5 Simple Ways to Help Someone Who's Grieving
curious jack russel

Feeling helpless about how to help a friend or family member who's mourning a loss? Small acts speak volumes. Here's how to help someone who's grieving, in simple, thoughtful ways:

  1. Listen.

    There's no need to rush in with words of comfort, especially if they don't come naturally.

    Better: Simply make a space, with your companionable silence, for the bereaved to express herself if she chooses.

  2. Don't hurry an emotional moment.

    A common impulse when someone gets choked up with grief is to change the subject and try to shift to safer emotional ground.

    Better: See the moment through. Pause. Offer a hug. Share your own comment about the person who died, if it feels appropriate.

  3. Talk about the person who died.

    Don't avoid mentioning the person who died; he or she is still very much in the minds of grieving family and friends.

    Better: Reminisce or mention how the person inspired you or made you happy. When they naturally come to mind, don't be afraid to say things like, "Wouldn't Susan have loved these flowers?" or, "I can just hear Bill saying, 'It's a great day for golf!'"

  4. Stick to honesty over platitudes.

    There's no "right" thing to say to a survivor, but there are plenty of wrong things, like these 10 things never to say to someone who's grieving.

    Better: If you're tongue-tied, acknowledge it. Try, "I don't know what to say. Please know I'm thinking about you." Or, "I can't imagine what each day is like for you now. I'm here for you."

  5. Don't ask how you can help; just do.

    Asking even simple questions ("Do you want me to pick up milk for you?" "What do you like to eat?") puts an added burden on the bereaved. Especially soon after a death, someone who's mourning may be physically and emotionally incapable of such decision making.

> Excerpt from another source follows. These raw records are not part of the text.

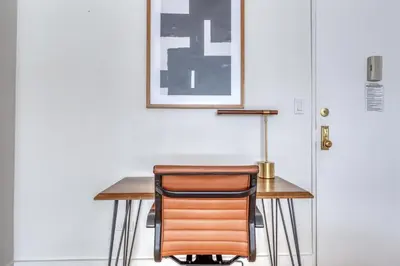 a desk with a chair next to a door at Midtown E 1BR w Gym Doorman nr the 6 NYC-4 in New York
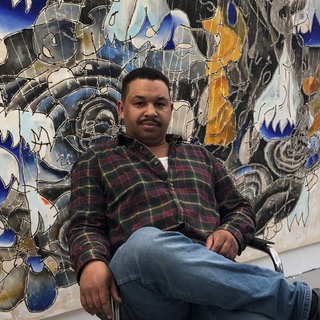 Der 1985 in ZariaNigeria geborene Ulrich Okujeni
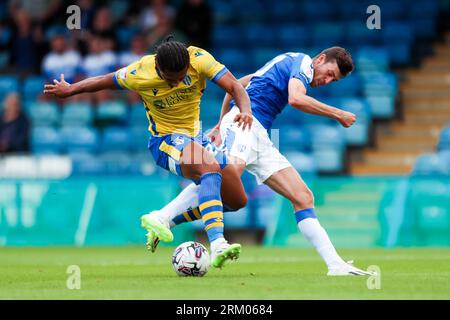 Gillingham's Ashley Nadesan and Colchester United's Nico Lawrence battle for the ball during the Sky Bet League Two match at Priestfield Stadium, Gillingham. Picture date: Saturday August 26, 2023. Stock Photo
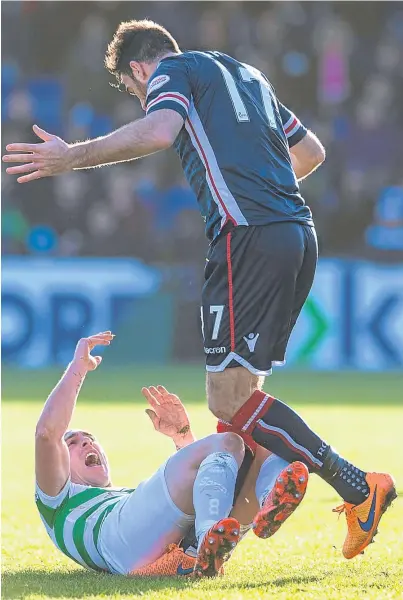  ??  ?? STEPPING LIGHTLY: Ross Draper and Celtic skipper Scott Brown at Victoria Park)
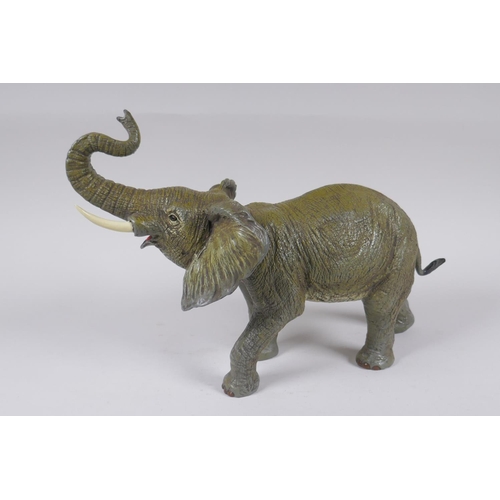 27 - A Vienna style cold painted bronze elephant, 33cm long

    Better: Simply step in when you see a need: Furnish a meal (ready to eat or freeze, in disposable containers that don't need to be returned), organize regular meal delivery, pick up milk or eggs or fresh bread when you're at the store and leave them in a cooler on the porch, mow the lawn, take care of the car pool, stop by to walk and feed the dog. Think of essential tasks that can be handled unobtrusively.


over 3 years ago, said...

My beloved mother passed away on May 22nd and my Father is having a very difficult time. This article has shown me how by just be a listening ear and help him by anticipating some of his needs will go far to help relieve some of his anguish. Thank you.


over 3 years ago, said...

Regarding talking about the person who died-my sister Susan and my dad Bill both died in 2011. What a coincidence that you used both these names! By the way, Bill loved to play golf!


over 3 years ago, said...

I especially appreciated the, "Don't ask how you can help; just do." So often I don't want to over-step real or imaginary boundries, so even though I care and want to help, I do nothing. Your article made me think of something I could do to help a friend without interfering; thank you!


over 3 years ago, said...

Here are some good common sense suggestions. Thanks for the reminder.


over 3 years ago, said...

There are hundreds of nutritious whole foods, but the dozen on this list do more than contribute healthy nutrients -- they can help you heal. This was the tag line to get to this article....not remotely what was written.


over 3 years ago, said...

all of it thank you


over 3 years ago, said...

This contained good advice.


about 4 years ago, said...

To Lady Dawn, I do know what you mean. When my husband is sleeping I can convince myself that he is here -- just sleeping -- and go about evening tasks. There is also a presence in the house for which I am grateful. I don't feel alone knowing he is here with me. If I lived in reality all the time it would be more difficult, but at night it's as if shhhh, my husband is asleep and for a while I am content.


about 4 years ago, said...

I appreciated the practical uncomplicated guidance for offering a caring helpful approach in the difficul times during grief. It mde me feel I could be useful in a very geniune way. Thanks so much


about 4 years ago, said...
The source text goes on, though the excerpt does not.